• Problem statement
Exclude the pictures and reproduce the remaining data exactly as written.

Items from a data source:
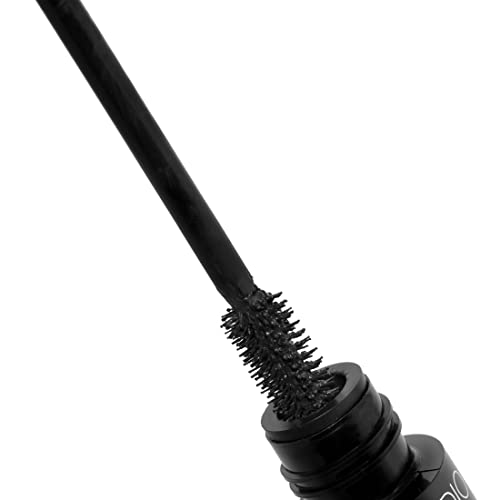 Palladio Lash Obsessed Mascara, Extreme Definition Lengthening Mascara, Amplifies Volume & Fullness, Evenly Coats Lashes, Lucious Length, Natural Lengthening, No Smudging, All Day Wear, Black #TOP2
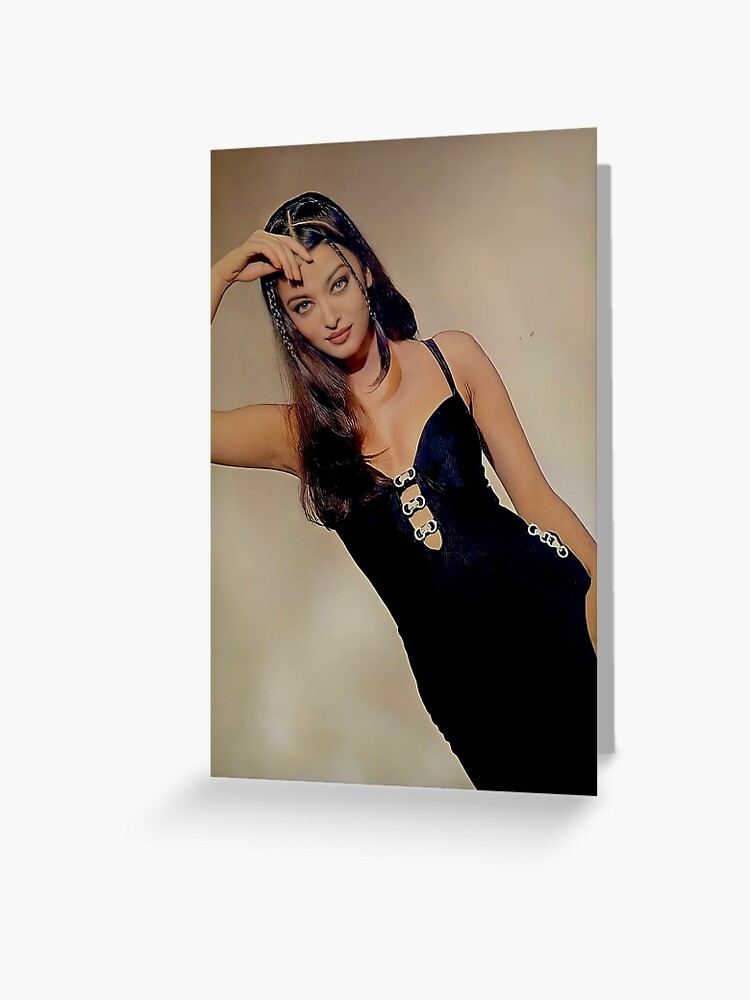 Aishwarya Rai Greeting Card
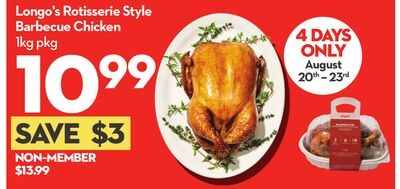 Rotisserie Style Barbecue Chicken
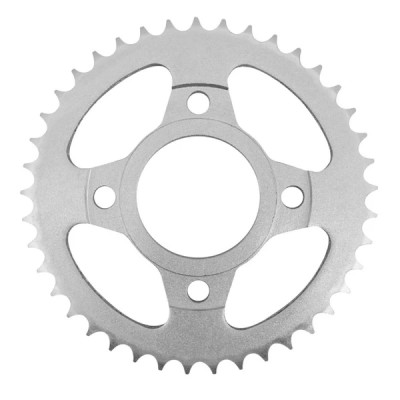 Couronne AFAM 428 41 dents - Brixton 125 BX 2018+ / Daelim 125 Roadwin 2004-2013, 125 Daystar 2001-2007 / Honda 150 CBF 2011-2012 / Kymco 125 Stryker 2001-2006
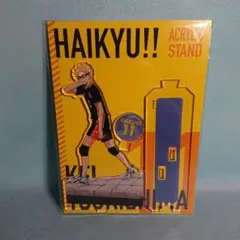 月島蛍 アクスタ ハイキュー展 ゴミ捨て場の決戦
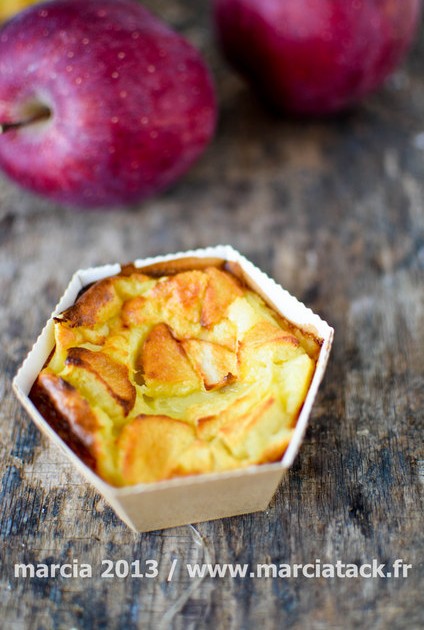 Recette de far aux pommes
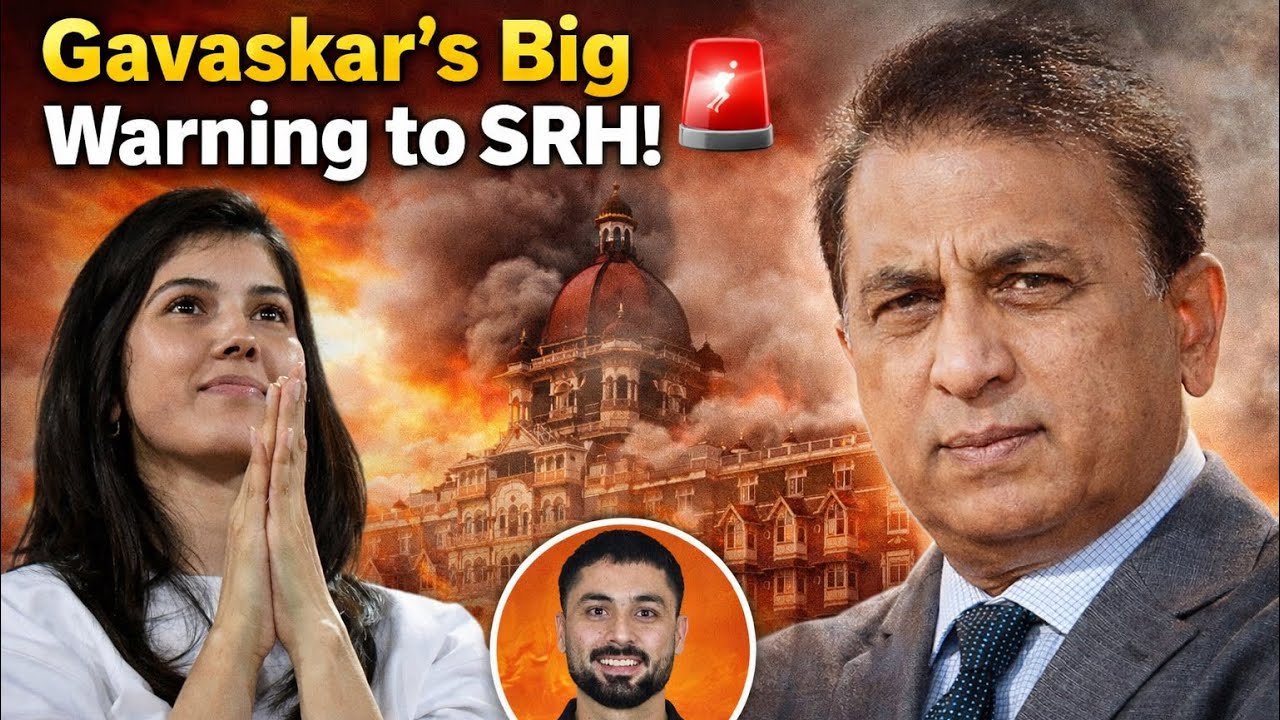 Gavaskar’s Big Warning to SRH! Abrar Ahmad Pick Sparks Big Debate 😳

• Solution
 Palladio Lash Obsessed Mascara, Extreme Definition Lengthening Mascara, Amplifies Volume & Fullness, Evenly Coats Lashes, Lucious Length, Natural Lengthening, No Smudging, All Day Wear, Black #TOP2
 Aishwarya Rai Greeting Card
 Rotisserie Style Barbecue Chicken
 Couronne AFAM 428 41 dents - Brixton 125 BX 2018+ / Daelim 125 Roadwin 2004-2013, 125 Daystar 2001-2007 / Honda 150 CBF 2011-2012 / Kymco 125 Stryker 2001-2006
 月島蛍 アクスタ ハイキュー展 ゴミ捨て場の決戦
 Recette de far aux pommes
 Gavaskar’s Big Warning to SRH! Abrar Ahmad Pick Sparks Big Debate 😳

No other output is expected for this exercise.